Trinity's approach is not only about developing a rich conceptual framework. We also prioritize meeting every student where they are. Students are not in the exact same place in terms of how they are thinking about a particular mathematical concept. There's a range, and that's completely normal. Our teachers account for this range, nudging students at a pace that works best for them. We ensure the material is accessible to kids who need a little more guidance while challenging those who are on their way to mastery.

Check out the video below to learn more about Trinity's philosophy and approach to mathematics. You'll see teachers and learning specialists give concrete examples of our constructivist approach and how it evolves through grades K–8. Please feel free to reach out if you have any questions!

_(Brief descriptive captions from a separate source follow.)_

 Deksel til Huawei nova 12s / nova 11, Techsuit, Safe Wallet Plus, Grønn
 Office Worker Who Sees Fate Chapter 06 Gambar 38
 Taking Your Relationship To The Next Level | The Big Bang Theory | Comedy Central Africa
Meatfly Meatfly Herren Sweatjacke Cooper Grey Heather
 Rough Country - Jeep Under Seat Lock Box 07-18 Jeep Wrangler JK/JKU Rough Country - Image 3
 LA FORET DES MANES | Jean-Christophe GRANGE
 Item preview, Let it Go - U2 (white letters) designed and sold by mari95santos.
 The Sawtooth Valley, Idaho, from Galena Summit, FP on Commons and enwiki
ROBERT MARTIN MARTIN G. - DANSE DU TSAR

Parent Meeting: Our Meaningful Approach to Mathematics

Get even more details by watching this parent meeting recorded Oct. 26, 2022.

In this video, you will get an overview of constructivist mathematics, walk through a "problem string" exercise, and learn how Trinity holistically and intentionally plans for the entire student journey, from kindergarten through 8th grade. There are time-stamp links in the video description, so you can quickly see an outline of the discussion and jump to topics.

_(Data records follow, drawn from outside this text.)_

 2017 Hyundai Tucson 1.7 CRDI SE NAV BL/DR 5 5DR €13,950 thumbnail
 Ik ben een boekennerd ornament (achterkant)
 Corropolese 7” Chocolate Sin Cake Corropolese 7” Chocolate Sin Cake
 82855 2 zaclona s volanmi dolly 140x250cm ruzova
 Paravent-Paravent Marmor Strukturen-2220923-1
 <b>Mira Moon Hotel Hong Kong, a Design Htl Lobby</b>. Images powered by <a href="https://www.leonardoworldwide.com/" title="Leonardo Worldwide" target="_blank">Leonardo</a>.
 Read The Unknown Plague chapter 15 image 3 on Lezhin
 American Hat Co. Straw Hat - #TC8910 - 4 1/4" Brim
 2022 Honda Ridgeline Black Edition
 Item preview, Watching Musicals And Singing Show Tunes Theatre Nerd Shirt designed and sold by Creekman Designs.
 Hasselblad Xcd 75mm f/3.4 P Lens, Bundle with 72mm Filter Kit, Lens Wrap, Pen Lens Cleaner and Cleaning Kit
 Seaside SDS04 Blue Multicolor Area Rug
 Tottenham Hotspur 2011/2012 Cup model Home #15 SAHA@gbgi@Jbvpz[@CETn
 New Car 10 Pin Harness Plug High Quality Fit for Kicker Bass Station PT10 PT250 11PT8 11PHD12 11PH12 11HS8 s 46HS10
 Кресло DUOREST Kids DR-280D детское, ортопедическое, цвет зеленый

0:00 Our Approach at a Glance
Head of Lower School Shanna Prewitt-Hines, Head of Middle School Shanna Weiss, and Middle School Math Specialist Mark Pietka introduce Trinity's approach and philosophy for teaching mathematics

04:52 "Problem String" Exercise
Third Grade Teacher Marisa Brody walks through a "problem string," a common exercise we use to develop creativity and problem-solving strategies.

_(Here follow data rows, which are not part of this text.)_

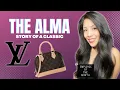 THE LOUIS VUITTON ALMA history iconic bag advice from an ex Client Advisor of Louis Vuitton
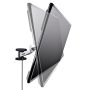 StarTech.com Wandmonteerbare VESA TV arm, Verstelbare Full Motion TV Muurbeugel voor 23"-55" Schermen, Compacte Monitor Arm, 30kg Draagvermogen, Uitschuifbare/Kantelbare/Zwenkbare VESA Wandbeugel (FHA-TV-WALL-MOUNT) thumbnail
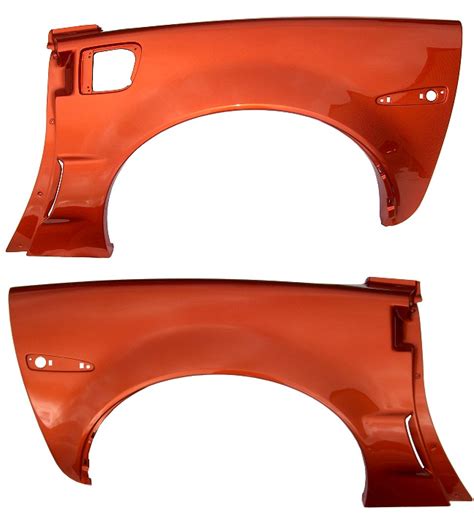 Only 1 Coupe And 1 Convertible C6 Wide Body Rear Quarter Panel Kit Left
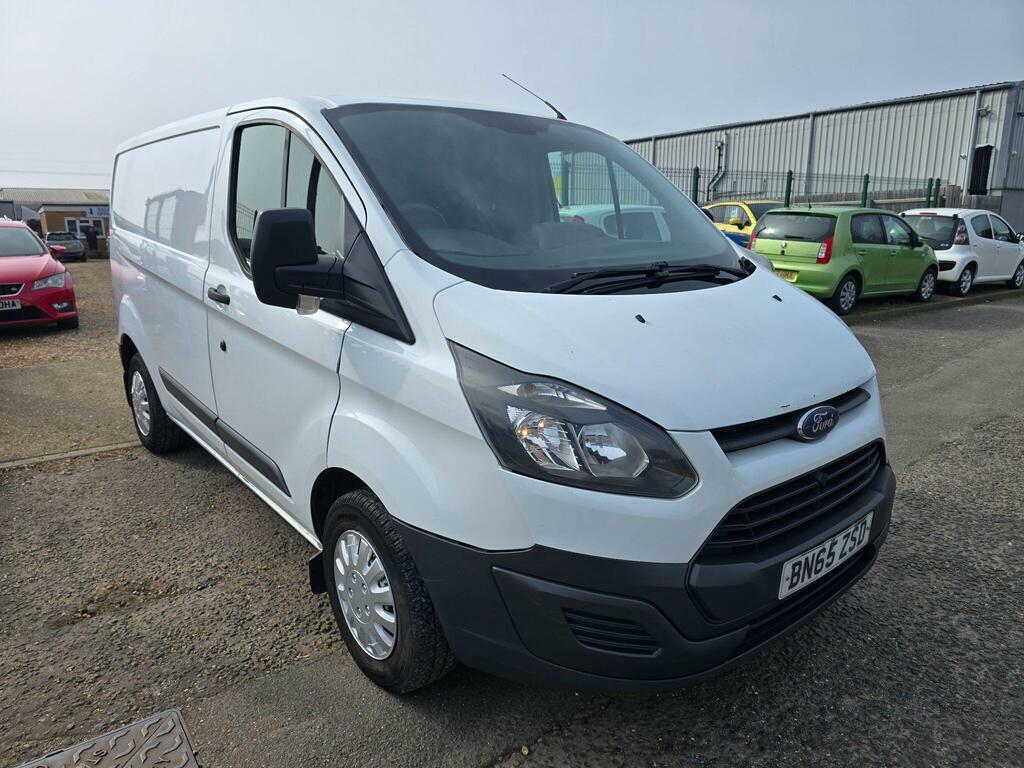 Ford Transit Custom 2.2 Tdci 290 L1 H1 BN65ZSD White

14:55 Development of Mathematical Thinking
Ms. Brody explains where traditional math instruction goes wrong and explains how Trinity helps students progress from counting strategies to additive thinking to multiplicative reasoning to proportional reasoning to functional reasoning.

21:00 The Landscape of Learning
Ms. Brody outlines how we meet students where they are and help them progress at level that's right for them.

23:29 Memorizing vs. Constructing
Instructional Support Specialist Delane Weber explains that kids need to know "math facts," but first we want them to construct their own understanding of the numerical relationships that those facts represent.

26:25 Grades K–2
Second Grade Teacher Elizabeth Trull uses one mathematical concept (i.e. measurement) to show the progression from kindergarten through 2nd grade.

32:14 Grades 3–4
Ms. Brody continues looking at the concept of measurement for third and fourth grade

35:13 Grades 5–8
Mr. Pietka shows how middle schoolers start applying proportional reasoning.

37:51 Prepared for the Next Level
Middle School Teacher Andy Petusky shows how Trinity's approach prepares students for functional reasoning, which they will use in high school and beyond.

47:35 Course Trajectory
Ms. Weiss explains how grades K–6 lay the foundation for more advanced pathways beginning in 7th grade.

50:20 Measuring Success
One qualitative measurement of success is comments from high school faculty and staff, who tell us that Trinity students are often leaders in their high school math classes. We also track quantitative metrics and national benchmarks.

53:34 Summary & Conclusion
Ms. Weiss and Ms. Prewitt-Hines explain why we use an integrated, constructivist approach and how it helps kids develop a deep understanding of mathematical concepts, which leads to success in high school and beyond.